This kind of experience is the core experience of shame. All of it has something to do with needing something intensely from someone important, and something going wrong with the interaction between us. I feel, “I can’t make happen what I need from you”. If the sequence is repeated often enough in my development to become and expectable experience, I will have a core propensity to feel shame whenever I have strong feelings, need emotional connection,  or feel something is wrong in an interpersonal interaction. In all of those situations, I will be likely to conclude, consciously or unconsciously, “There is something wrong with what I need- with my needy self”.

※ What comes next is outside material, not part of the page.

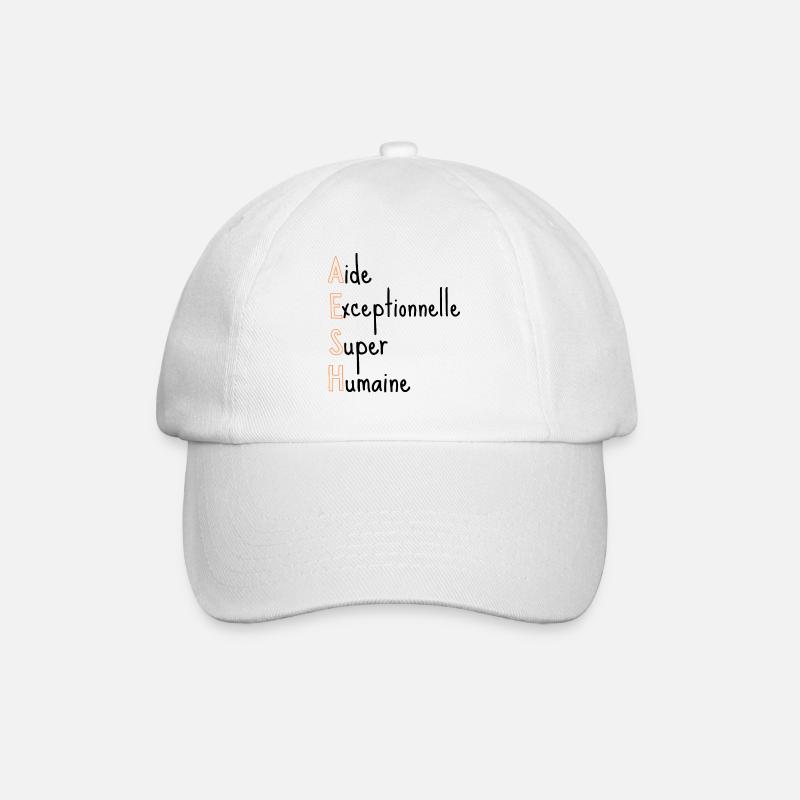 AESH Aide Exceptionnelle Super Humaine - Casquette classique - blanc/blanc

And that’s kind of how it feels now. It’s not quite the dysregulating other thing because I haven’t told you what’s going on or how I feel but that makes no difference to my inner experience because essentially there’s this really sad, vulnerable, part (several actually) that’s in pieces and feels shame because there’s so much need but it’s hidden and unseen and can’t regulate. And I get this prison is of my own making – which is so fucking annoying – but there is this bit of me that is absolutely fucking terrified of fucking things up, actually trusting you and being seen and then to be deemed unacceptable is a massive fear.

Like I hold myself together with rubber bands and chewing gum which is always a bit problematic at the best of times – they’re doing a lot of heavy lifting in lieu of super glue – but now I feel like I am disintegrating.

I keep circling this drain over and over.

I really can’t overstate how damaging what has happened with Anita is. The reason she gave me for ending seemed legitimate at the time. She was really unwell. But I am really struggling to understand how she can still be working and yet now say that she’s not in a good enough place to meet and to properly end as we had agreed. It all feels like lies now – and avoidance…and really unfair. And unfortunately, my brain’s default programming always lands on “It’s because you’re too much”. So I am having a really hard time because the person I really trusted with me – all of me – has become someone I don’t recognise at all and seems not to care in the least that they’ve hurt me…so that must make this a me problem.  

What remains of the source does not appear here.